= Voskhod programme =

Soviet spaceflight program

Voskhod 1 and 2 spacecraft

The Voskhod programme (Восход, /ru/) was the second Soviet human spaceflight project. Two one-day crewed missions were flown using the Voskhod spacecraft and rocket, one in 1964 and one in 1965, and two dogs flew on a 22-day mission in 1966.

Voskhod development was both a follow-on to the Vostok programme and a recycling of components left over from that programme's cancellation following its first six flights. The Voskhod programme was superseded by the Soyuz programme.

==Design==

The Voskhod spacecraft was basically a Vostok spacecraft that had a backup, solid-fueled retrorocket added to the top of the descent module. As it was much heavier, the launch vehicle would be the 11A57, a Molniya 8K78M with the Blok L stage removed and later the basis of the Soyuz booster. The ejection seat was removed and two or three crew couches were added to the interior at a 90-degree angle to that of the Vostok crew position. However, the position of the in-flight controls was not changed, so the crew had to crane their heads 90° to see the instruments.

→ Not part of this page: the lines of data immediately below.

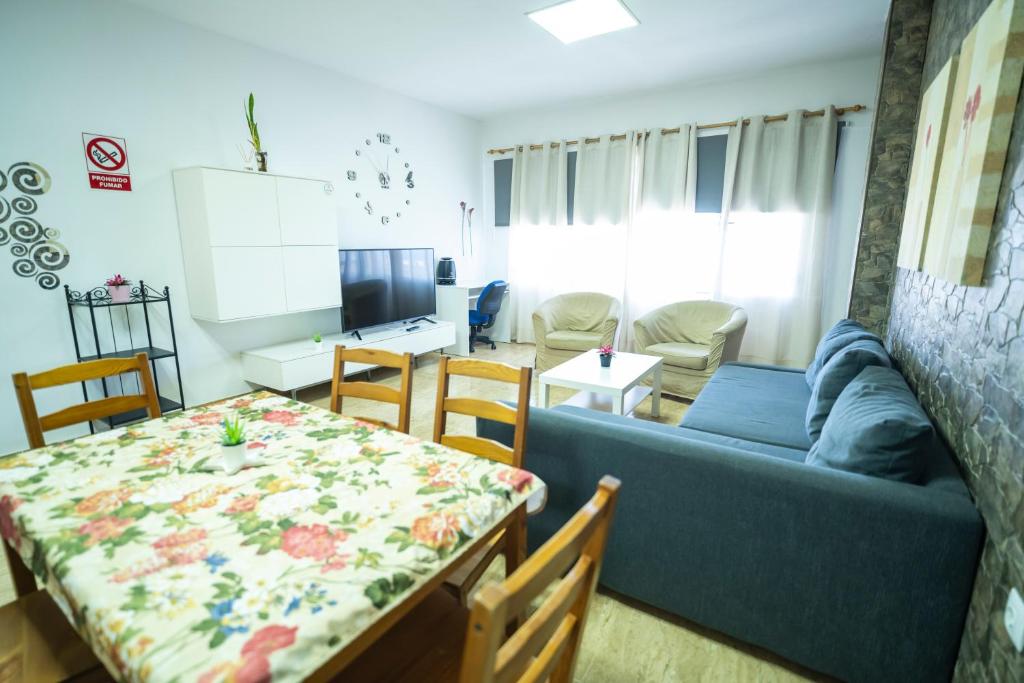 a living room with a blue couch and a table at Edificio Prieto VIV 2E in Puerto del Rosario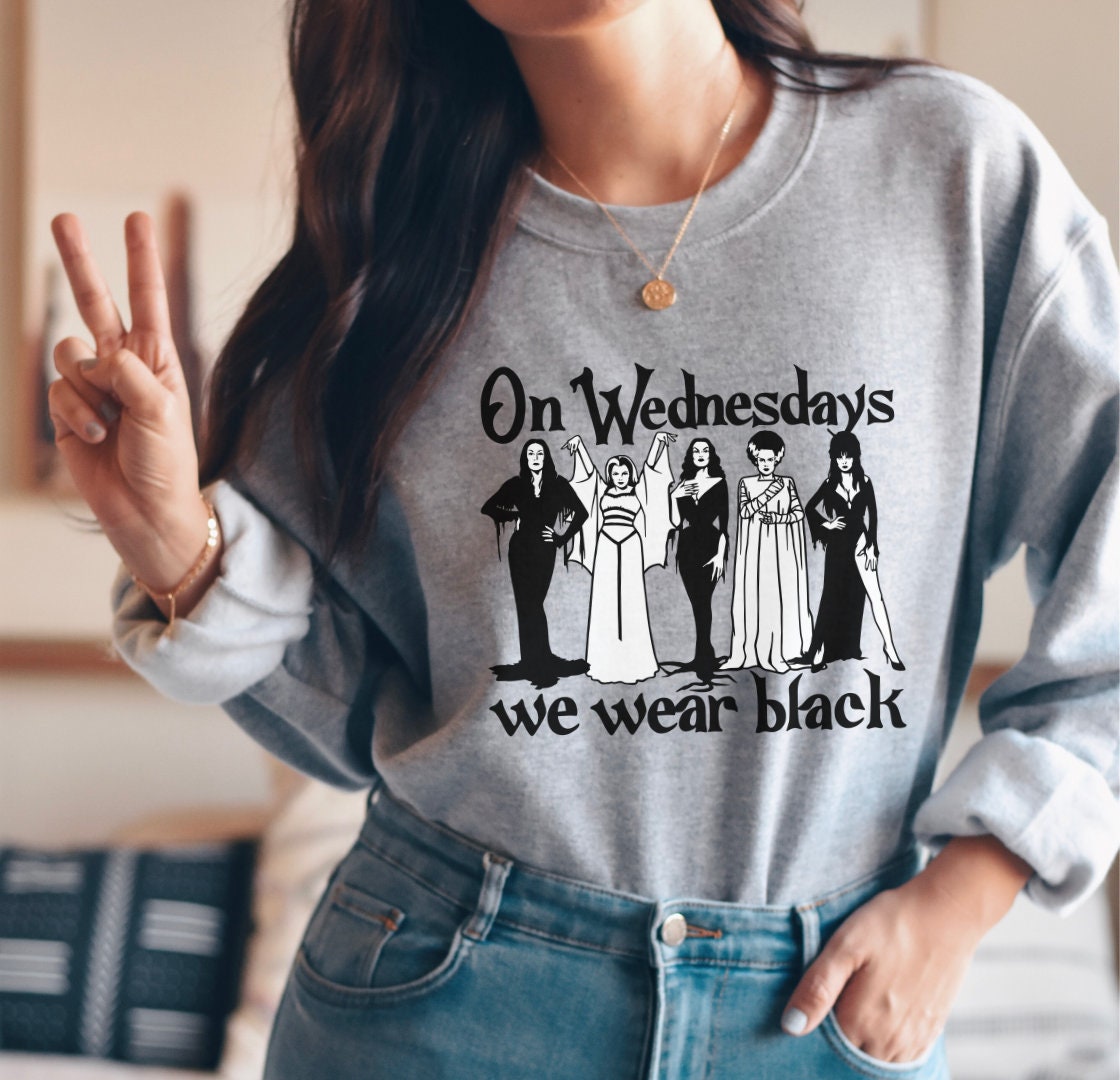 Discover On Wednesdays We Wear Black Sweatshirt, Horror Goth Queens Morticia Addams, Lily Munster, Elvira, Vampira, The Bride Sweatshirt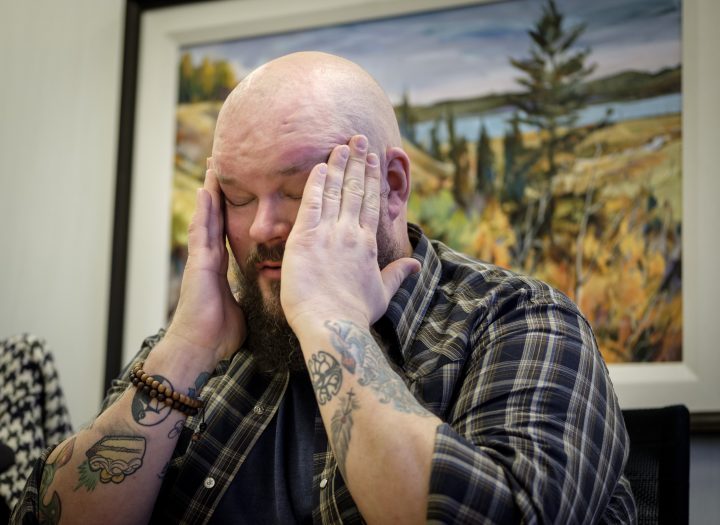 Former Syyncrude firefighter Michael Swan struggles with his emotions as he talks about his situation in Calgary, Alta., Monday, Jan. 14, 2019. A lawsuit filed by a former firefighter and paramedic against Syncrude Canada claims the oilsands giant wrongfully denied him benefits and fired him after he was diagnosed with post-traumatic stress disorder related to his job. 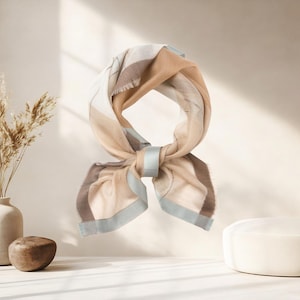 May include: A beige, brown, and white scarf with a light blue border and accents. The scarf is knotted at the bottom and appears to be made of a soft material. The scarf is displayed on a white surface.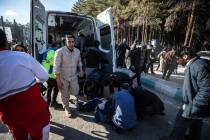 Iranian emergency services arrive at the site where two explosions in quick succession struck a ...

In the case of Voskhod 2, an inflatable exterior airlock was also added to the descent module opposite the entry hatch. The airlock was jettisoned after use. This apparatus was needed because the vehicle avionics and environmental systems were air-cooled, and depressurization in orbit would cause overheating. A solid-fueled braking rocket was also added to the parachute lines to provide for a softer landing at touchdown. This was necessary because, unlike the Vostok, the Voskhod descent module landed with the crewmen still inside.

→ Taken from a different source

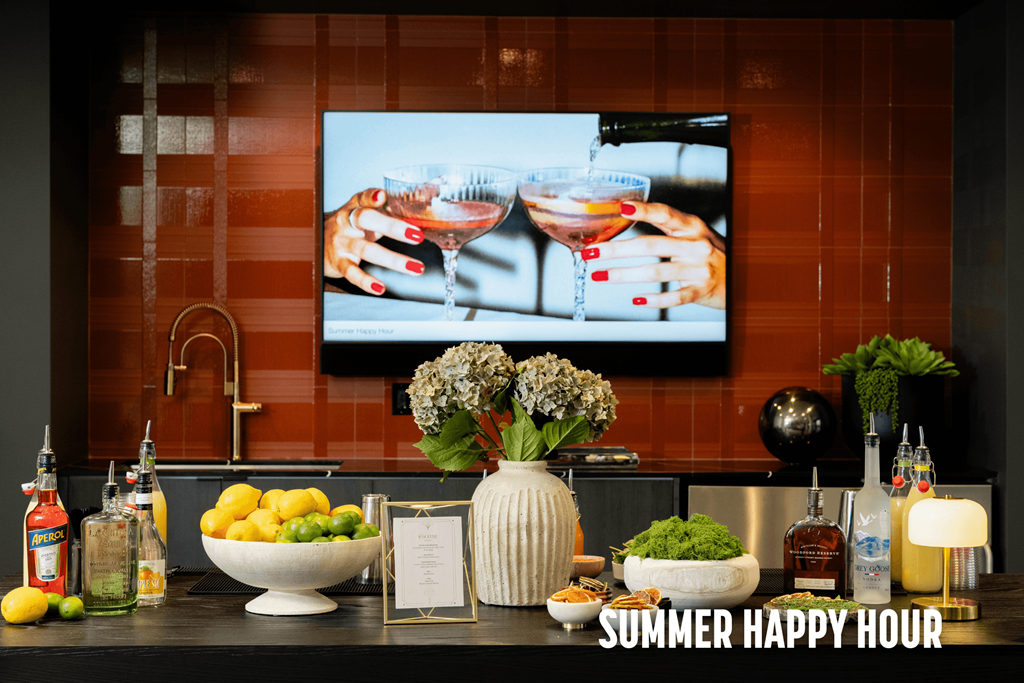 A kitchen counter with a bowl of lemons, a vase with flowers, and a bottle of alcohol with a TV screen showing a cocktail in the background.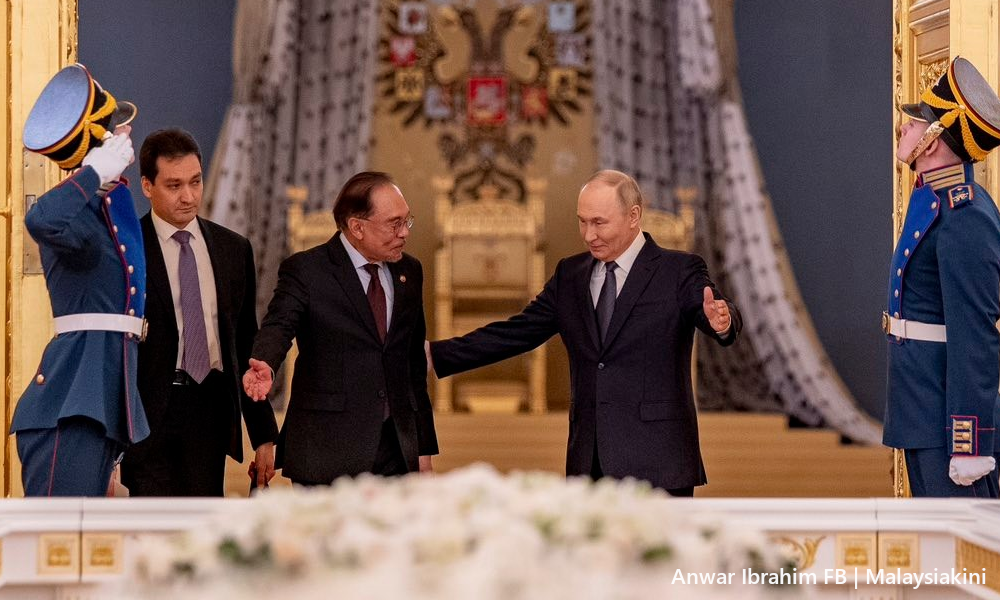 Putin quips Anwar 'true Muslim' after PM cracks second wife joke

Unlike Vostok and the later Soyuz, Voskhod had no launch abort system, meaning that the crew lacked any means of escape from a malfunctioning launch vehicle.

Voskhod had a solid-fueled backup retrorocket on top of the capsule in case the main one failed (as it did on Voskhod 2). While Vostok lacked this feature, it was not considered a problem since the spacecraft would decay from orbit within 10 days. Relatively lightweight, Voskhod was well below the 11A57 booster's lift capacity, meaning that it launched into a much higher orbit and would not decay as quickly.

==Flights==
The Voskhod flights, with launch dates:

===Uncrewed===
- Kosmos 47 - Uncrewed test flight of the Voskhod hardware.
- Kosmos 57 - Uncrewed test flight, unsuccessful.
- Kosmos 110 - Uncrewed, sent two dogs, Veterok and Ugolyok, on a 22-day flight, launched 22 February 1966 and landed 16 March.

===Crewed===

| Order | Mission | Launch | Duration | Landing | Crew |  |  | Notes |
|---|---|---|---|---|---|---|---|---|
| 1 | Voskhod 1 | 12 October 1964 | 1 d 0 h 17 m 3 s | 13 October 1964 | Vladimir Komarov | Konstantin Feoktistov | Boris Yegorov | First multiman spacecraft. |
| 2 | Voskhod 2 | 18 March 1965 | 1 d 2 h 2 m 17 s | 19 March 1965 | Pavel Belyayev | Alexei Leonov |  | First spacewalk. |

===Cancelled===
- Voskhod 3 - 19-day two-man mission to study long-term weightlessness with artificial gravity, medical, military and other experiments
- Voskhod 4 - 20-day single-man mission to study long-term weightlessness with artificial gravity, medical, military, and other experiments
- Voskhod 5 - 10-day two-woman mission with medical and other experiments and first female EVA-spacewalk
- Voskhod 6 - 15-day two-man mission with military and other experiments and multiple spacewalks to test new EVA jet belt

==Results==
While the Vostok programme was dedicated more toward understanding the effects of space travel and microgravity on the human body, Voskhod's two flights were more aimed towards spectacular firsts. Although achieving the first EVA ("spacewalk") became the main success of the programme, beating the American Project Gemini to put the first multiman crew in orbit was the objective that initially motivated the programme. After those goals were realized, the programme planned to focus on other advances the spacecraft could accomplish, such as longer duration and a second female flight. However, there were delays preparing for Voskhod 3, and during that time the Gemini programme accomplished most of what had been planned for future Voskhods. In the end, the Voskhod programme was abandoned, aided by a change in Soviet leadership which was less concerned about stunt and prestige flights, and this allowed the Soviet designers to concentrate on the Soyuz programme.